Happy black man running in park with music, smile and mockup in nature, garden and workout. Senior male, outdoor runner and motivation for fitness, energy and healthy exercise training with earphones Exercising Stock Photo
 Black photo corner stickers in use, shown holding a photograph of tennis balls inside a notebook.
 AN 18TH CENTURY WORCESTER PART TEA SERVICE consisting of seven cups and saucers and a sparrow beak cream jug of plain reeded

ASSIGNMENT:
Copy exactly, and only, the lines from the line containing "Black photo corner" to the end of the listing, with both ends included.

WRITTEN SOLUTION:
 Black photo corner stickers in use, shown holding a photograph of tennis balls inside a notebook.
 AN 18TH CENTURY WORCESTER PART TEA SERVICE consisting of seven cups and saucers and a sparrow beak cream jug of plain reeded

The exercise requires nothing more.